Selasa, 06 Agustus 2019 10:02

Soal Ijtima Ulama IV, PDIP: Sebaiknya Ulama Stop Politik

Ibnu Kasir Amahoru
Konten Redaksi Rakyatku.Com
Ist.
Ist.

Ijtima Ulama IV yang digelar di Hotel Lorin Sentul, Kabupaten Bogor, Jawa Barat, telah berakhir

RAKYATKU.COM - Ijtima Ulama IV yang digelar di Hotel Lorin Sentul, Kabupaten Bogor, Jawa Barat, telah berakhir. Perhelatan tersebut menghasilkan delapan poin keputusan.

Terkait hasil Ijtima Ulama itu, Sekretaris Badan Pendidikan dan Latihan DPP PDI Perjuangan, Eva Kusuma Sundari mengatakan, ulama yang ikut dalam kegiatan Ijtima IV sebaiknya mengakhiri gerakan politiknya. 

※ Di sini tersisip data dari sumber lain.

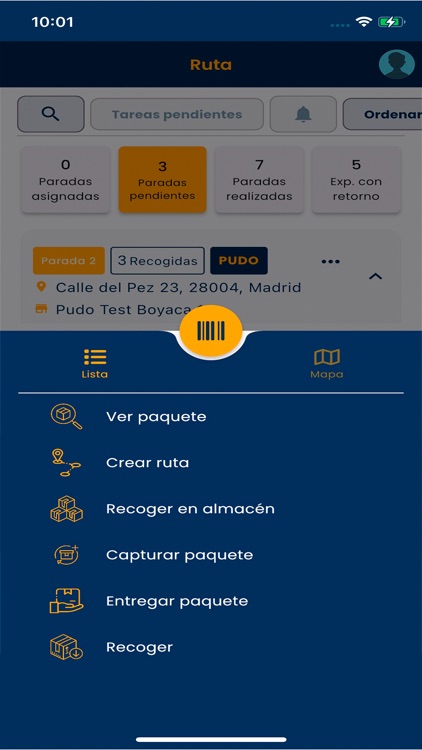 Boyacá Delivery screenshot-5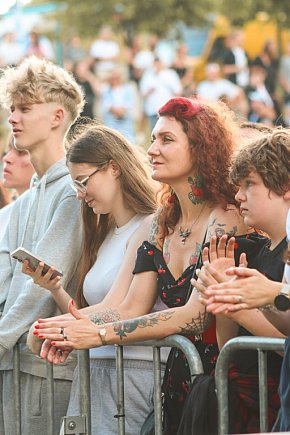 Dni Włocławka 2025: Festiwal Nowej Muzyki (niedziela)-20864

"Pileg dan pilpres udah kelar, sebaiknya ulama stop politik, balik ke urusan pokok menata akhlak umat termasuk akhlak mematuhi hukum dan menjadi warga negara yang baik," kata Eva, Selasa (6/8/2019).

Eva meminta agar ulama menjadi contoh yang baik bagi umat dan masyarakat secara umum. Ia juga menyinggung keberadaan eks Juru Bicara Hizbut Tahrir Indonesia (HTI) Ismail Yusanto dalam Ijtima Ulama IV.

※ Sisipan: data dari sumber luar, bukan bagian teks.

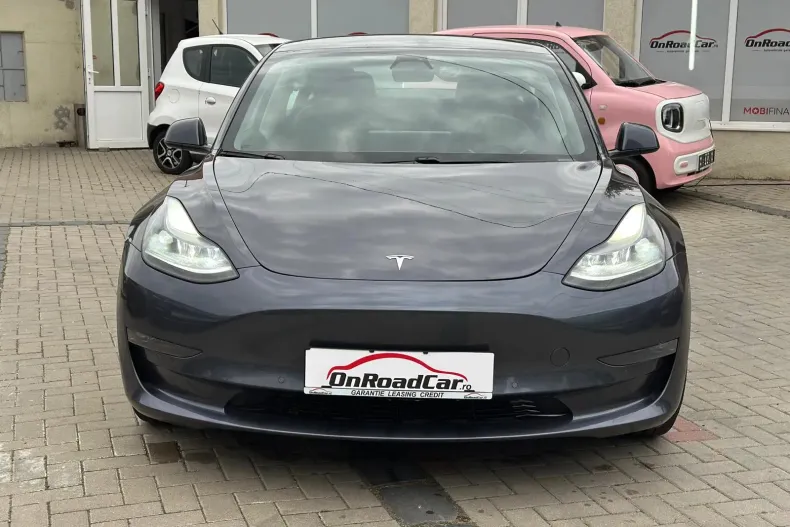 Tesla Model 3 din 2021 cu 69.014 km - oferta TES157929 - foto 12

"Ulama-ulama harus kasih contoh, termasuk tidak undang tokoh HTI organisasi politik yang ilegal," tandasnya.

Eva heran mengapa Ijtima Ulama IV diselenggarakan. Ia menilai kegiatan tersebut bertujuan politis. Padahal, Prabowo Subianto yang pernah didukungnya sudah legawa menerima kekalahan di Pilpres 2019.

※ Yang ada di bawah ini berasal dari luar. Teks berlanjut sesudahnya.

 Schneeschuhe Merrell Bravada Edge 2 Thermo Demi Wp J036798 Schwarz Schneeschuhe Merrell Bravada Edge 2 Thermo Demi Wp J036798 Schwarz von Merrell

"Tapi sebaiknya ijtima tidak perlu diadakan karena tujuannya politik, apalagi pak PS yang didukung udah legowo, tunggu lima tahun lagi saja lah yang sabar," tukasnya.

Berikut Putusan Ijtimak Ulama dan Tokoh Nasional IV

1. Menolak kekuasaan yang berdiri atas dasar kecurangan dan kedzaliman serta mengambil jarak dengan kekuasaan tersebut.

2. Menolak segala putusan hukum yang tidak memenuhi prinsip keadilan.

3. Mengajak seluruh ulama dan umat untuk terus berjuang dan memperjuangkan
3.1. Penegakan hukum terhadap penodaan agama apapun oleh siapapun sesuai amanat undang-undang antipenodaan agama dan tertuang dalam Tap MPRS Nomor 1 tahun 1995 juncto UU Nomor 5 tahun 1999, juncto pasal 156 a.

3.2. Mencegah bangkitnya ideologi marxisme, leninisme, komunisme, maoisme dalam bentuk apapun dan cara apapun. Sesuai amanat Tap MPRS nomor 28 Tahun 196,6 UU Nomor 27 tahun 1999 juncto KUHP pasal 1, 107 a, 107 b, 107 c, 107 d, dan 107 e.

3.3. Menolak segala bentuk perwujudan tatanan ekonomi kapitalisme dan liberalisme di segala bidang, termasuk penjualan aset negara kepada asing maupun aseng. Dan memberikan kesempatan pada semua pribumi tanpa memandang suku maupun agama untuk menjadi tuan di negeri sendiri.

3.4. Pembentukan tim investigasi dan advokasi untuk mengusut tuntas tragedi 2019 yang terkait kematian lebih dari 500 petugas pemilu tanpa otopsi dan lebih dari sebelas ribu petugas pemilu yang jatuh sakit serta ratusan rakyat yang terluka, ditangkap, dan disiksa bahkan sepuluh orang dibunuh secara keji dan empat di antaranya adalah anak-anak.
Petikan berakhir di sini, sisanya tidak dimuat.